Audi is making fuel from air and water - skreech
http://qz.com/392138/audi-is-making-fuel-from-air-and-water/

======
chrisb
Diesel is essentially a hydrocarbon, so water and CO2 can provide all the
elements required.

The normal problem is that the cheapest/easiest source of hydrogen is from the
stream reformation[1] of natural gas, but here there are using high
temperature electrolysis[2] of water powered from green energy (they don't
seem to specify exactly what this is).

The CO2 comes from atmospheric capture using a device from Climeworks[3], and
biogas. This is CO2 neutral as all this CO2 is either in the atmosphere
already, or will naturally end up in the atmosphere.
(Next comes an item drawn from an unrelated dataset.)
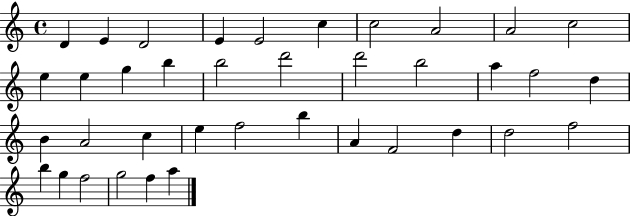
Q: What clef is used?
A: treble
This is of course a very small-scale pilot by Audi, but I've often thought
that using hydrocarbon fuels manufactured from atmospheric CO2 and water might
be an excellent solution for transport and space heating. We have all the
infrastructure for distributing these fuels, they are manufacturable using
something like solar energy, and can be easily stored and transported
themselves.

[1]
[http://en.wikipedia.org/wiki/Steam_reforming](http://en.wikipedia.org/wiki/Steam_reforming)
[2] [http://en.wikipedia.org/wiki/High-
temperature_electrolysis](http://en.wikipedia.org/wiki/High-
temperature_electrolysis) [3]
[http://www.climeworks.com/](http://www.climeworks.com/)